Our 1922 home has an original low pressure (1/2 psi) Warren Webster steam heating system. The boiler is up to date but the rest of the system is original. Since the system only runs on 1/2psi and there is no pump the steam rises to the radiators by the virtue that heat rises. As the steam enters the top of the radiator (the radiators do not bleeder valves but do have modulation valves) and the radiator is heated a sylphon (that's the correct spelling) trap, at the bottom of the radiator, closes. As the radiator cools the steam condenses at the bottom of the radiator. At temperatures cooler than the steam the sylphon trap opens and allows the condensed water to return to the boiler.
The system seems to work very efficiently except in radiators where I suspect that the sylphon trap is no longer operating. After over 80 years they've surely exceed their life expectancy.
Well Warren Webster is no longer around and finding so finding replacement traps is no easy. I'm wondering if there is anything wrong with running the system if I just take out the traps and allow the steam to flow through the system without being trapped in the radiators until it condenses?

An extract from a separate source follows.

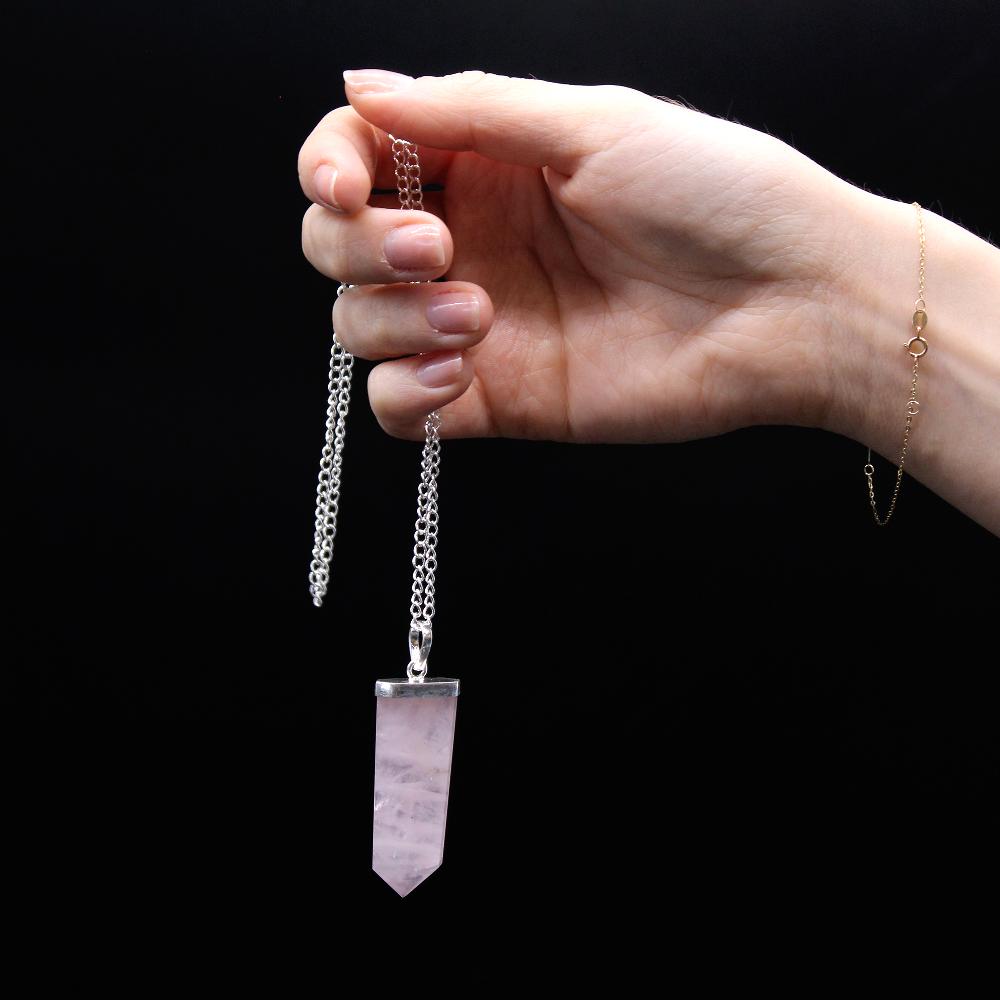 Ancient Wisdom Gemstone Flat Pencil Pendant - Rock Quartz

I remember my Dad doing something similar in his sports car because the thermostatic valve would always break. Quality British sports car. The only issue he had is that it took much no longer for the engine to warm up and provide heat to the passengers since the not having the value allowed the radiator fluid to constantly move through the engine.
If your interested in some more technical information about this type of system follow this link http://books.google.com/books?id=TFNDAAAAIAAJ&printsec=frontcover&dq=A+Handbook+on+Piping#PPA202,M1
to Google Books go to Google Books and search "A Handbook on Piping" by Carl Svensen and see page 211 of the book not pdf page 211.
Any advice is very much appreciated.